The RHNA process, as it’s called, is “the primary tool to address California’s housing shortage,” Perry said. “(But) the RHNA tool is not working that well … to address the housing crisis.”

Among the findings:

  • There’s less progress meeting goals for low-income housing than for upper-income housing, statewide and among the six-county Southern California Association of Governments. For example, Southern California communities approved building permits for just 8.4 percent of the low-income-housing units needed by October 2021. On the other hand, 15.2 percent of the needed moderate-income units have been permitted and 48 percent of the needed units for upper-income households (those earning at least 20 percent more than the area’s median income) have been approved.
  • The report named five Southern California cities that are overbuilding upper-income housing while failing to build any low-income units. Malibu, for example, approved 49 homes for households earning at least a moderate income or greater even though it doesn’t need any, the report said.  Costa Mesa built 518 such homes. The report also named Laguna Hills, Westminster and Big Bear Lake as “misallocating” building permits for upper-tier units.
  • Ten Southern California cities haven’t approved any new homes since the current planning cycle began in October 2013. Among them: Cudahy, Rosemead, Westlake Village, Laguna Woods, Rancho Santa Margarita, Banning and Apple Valley.
  • San Bernardino County and the cities of Santa Ana and West Hollywood ranked among the state’s best-performing communities for meeting housing needs.

California’s overall letter grade for meeting housing goals also was a C, the report said.

Over half of the cities and counties in the state reported they hadn’t issued a single building permit for the poorest households in their communities — those earning less than half of the median income.

On the other hand, the Next 10 report found some communities earned the highest marks because their housing goals are too low. For example, Beverly Hills got an A, but only needed to approve three new homes to meet its RHNA goals, the report said. Meanwhile, a separate transportation plan showed Beverly Hills was expected to add 300 households and 3,400 jobs between 2008 and 2020.

Housing goals need to be aligned more with job growth, the report said.
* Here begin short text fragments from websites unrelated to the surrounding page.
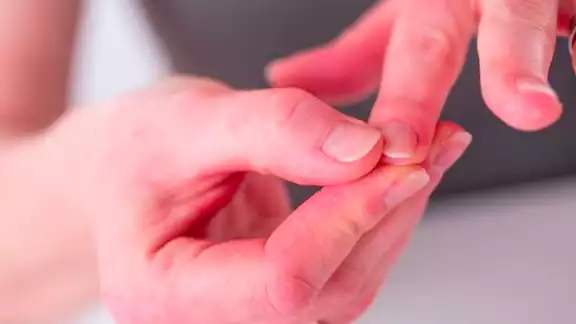 Un estudio aún en proceso podría determinar si estás contagiado de COVID-19 a través de tus uñas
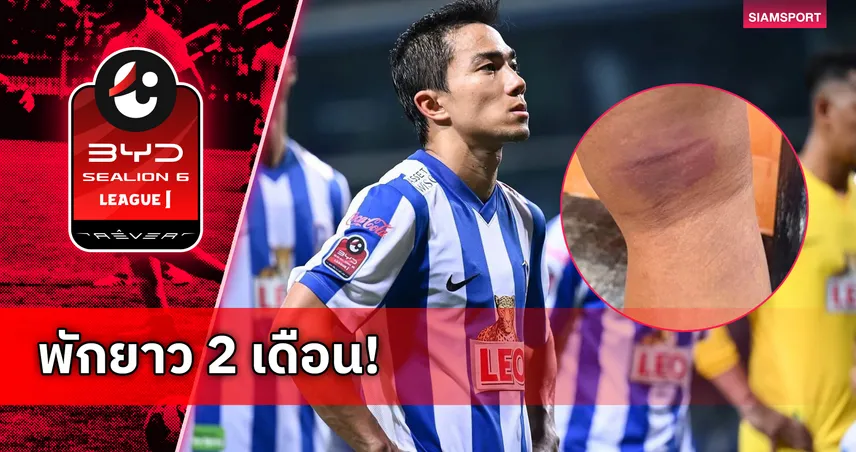 “เจ-ชนาธิป” เจ็บแฮมสตริงพัก 6-8 สัปดาห์ ชวดช่วยบีจีชิงเมืองไทย คัพ 103497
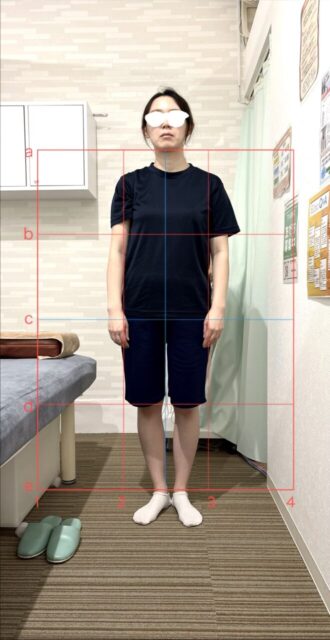 アクル整骨院 | 産後1か月／町田市金森在住/30歳女性／第2子出産／施術期間 約4か月 - f67f87f74f0a9dbb207238ef3b7e4785-660×1280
The report argues local zoning rules favoring single-family homes over apartments or condos should be revised to ensure enough housing is built to keep up with growth.

“It’s become very apparent very quickly,” said Adam Fowler, Beacon’s director of research, “the (RHNA) assessment is very problematic in trying to solve the crisis at hand.”

The report notes that a majority of the California cities that fail to file progress reports are low-income communities in southeast Los Angeles County and the Central Valley that don’t have the planning staff needed to prepare the reports. Perhaps more support can be provided to those communities, Perry said.

The Southern Californian cities are Huntington Beach, Seal Beach, Rolling Hills, Palos Verdes Estates, Hermosa Beach, El Segundo, Hidden Hills, Monte Bello, Commerce, Vernon, Maywood, Lynwood, Compton, Bradbury, Covina, La Puente, Pico Rivera, Hawaiian Gardens, Azuza, Pomona, Industry, La Habra Heights, Lancaster, Fillmore, Montclair, Adelanto, Victorville, Loma Linda, Jurupa Valley, Canyon Lake and Blythe.